Le energie rinnovabili hanno un impatto molto modesto sui terreni agricoli italiani e ancor più esiguo rispetto all’intero territorio e, se adeguatamente progettate con una pianificazione consapevole, potrebbero integrarsi in maniera vantaggiosa.
Lo dimostra lo studio presentato da Althesys, in collaborazione con European Climate Foundation, dal titolo “Paesaggio e rinnovabili, una convivenza possibile. Opportunità e sfide per lo sviluppo sostenibile del territorio”, che offre gli strumenti per analizzare con numeri e dati la compatibilità della tutela del paesaggio con i benefici della diffusione delle rinnovabili in vista degli obiettivi di riduzione del 53% delle emissioni al 2030.
Dai dati della ricerca emerge che attualmente l’impronta di fotovoltaico ed eolico a terra utilizza una area solo dello 0,15% della superficie agricola utilizzata a livello nazionale, o lo 0,11% della superficie agricola totale, che comprende anche quella non utilizzata.
Nel 2023, per una potenza disponibile di 9 GW di fotovoltaico a terra, la quota sul totale si fermava al 30%, con un uso del suolo di 167 km2.

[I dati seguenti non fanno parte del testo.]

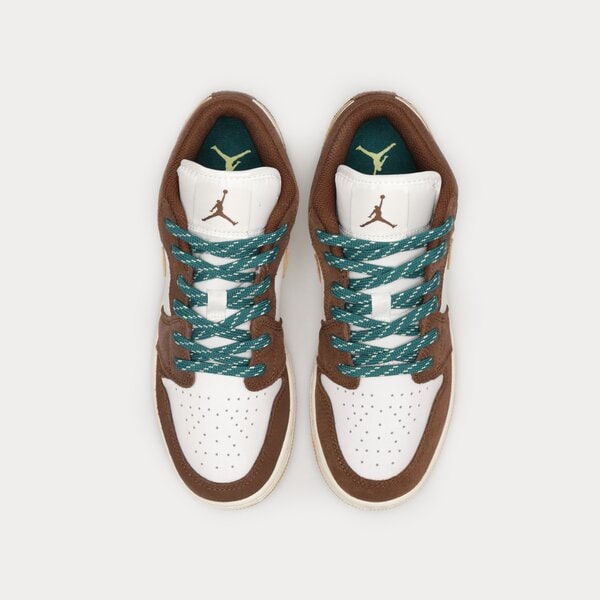 Детски маратонки AIR JORDAN 1 LOW SE fb2216-200 цвят кафяв
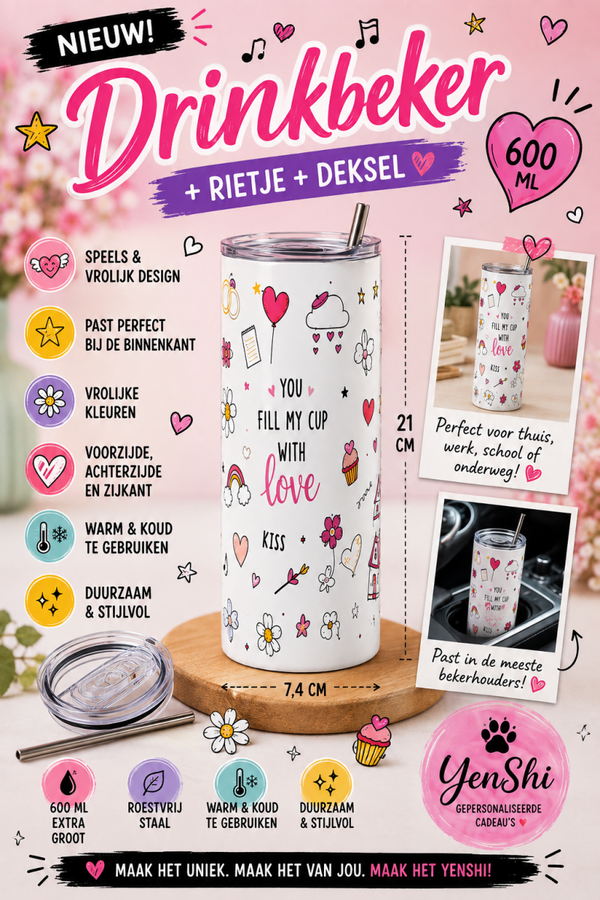 Tumbler-drinkbeker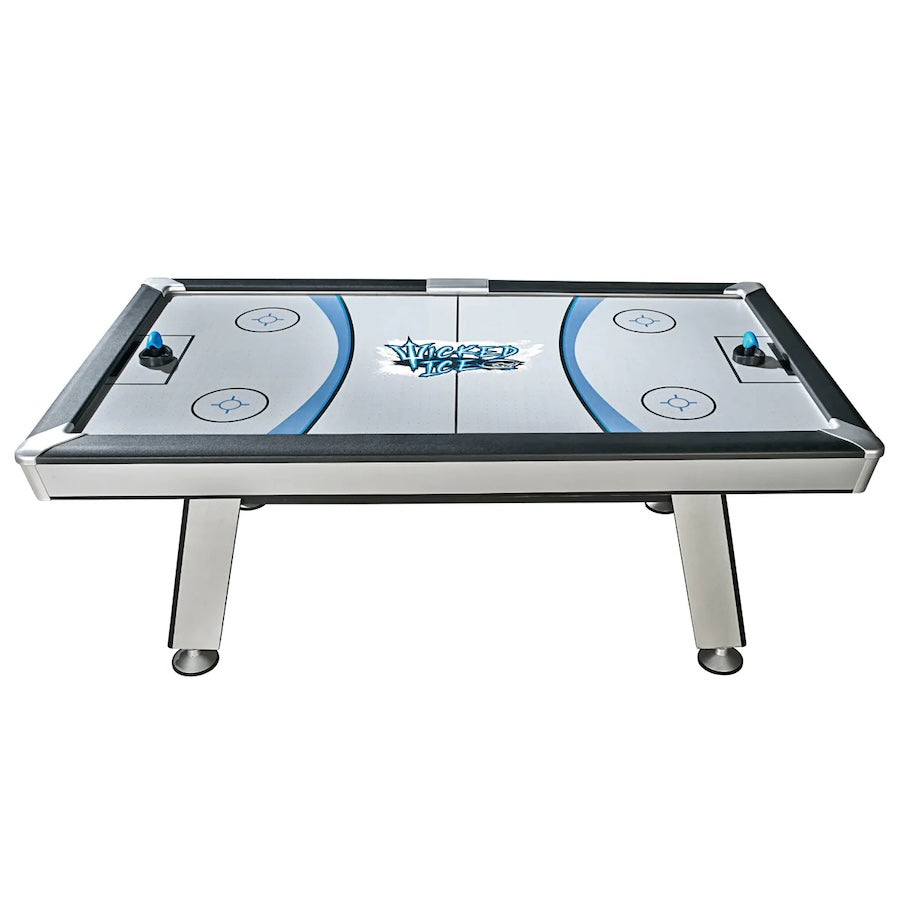 American Heritage Wicked ice air hockey table - top view.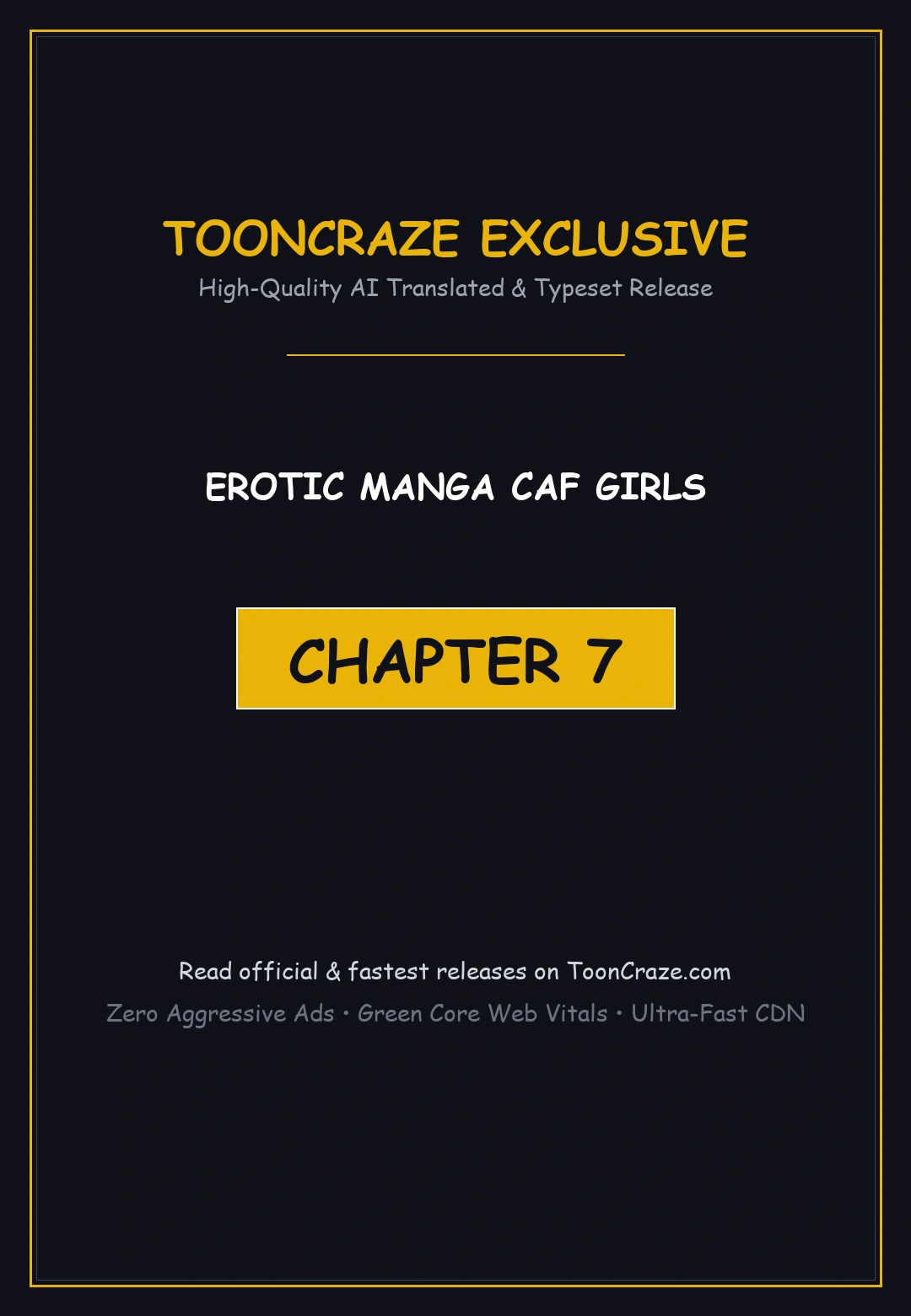 Erotic Manga Cafe Girls Chapter 7 - Page 1
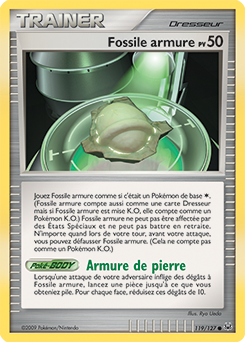 119/127 - Fossile armure — Carte Pokémon Platine 119/127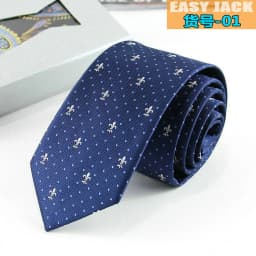 New 6cm Striped Dot Tie Business Casual Silk Luxury Mens Neck Ties Wedding Party Neck Tie Formal Slim Narrow Dress Neck Tie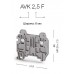 324929, Клеммник с возможностью установки картриджа, 2,5 мм.кв, (серый); AVK 2.5F (упак 80 шт)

Al 2035 si prevede una capacità raddoppiata a 20 GW e un’incidenza sui suoli agricoli prevista in 283 km2 (+116 km2).
L’impronta si riduce ulteriormente grazie all’agrivoltaico (stimati in 393 km2 in più al 2035 per 1.310 km2 di superfici), che offre l’integrazione tra produzione energetica e uso agricolo con un risparmio di almeno il 70% delle superfici su cui insiste.
Non c’è neppure la presunta “invasione” dell’eolico che dispone in Italia oggi di 12,3 GW di capacità a terra, e 0,03 GW a mare, con un uso di suolo di soli 18 km2.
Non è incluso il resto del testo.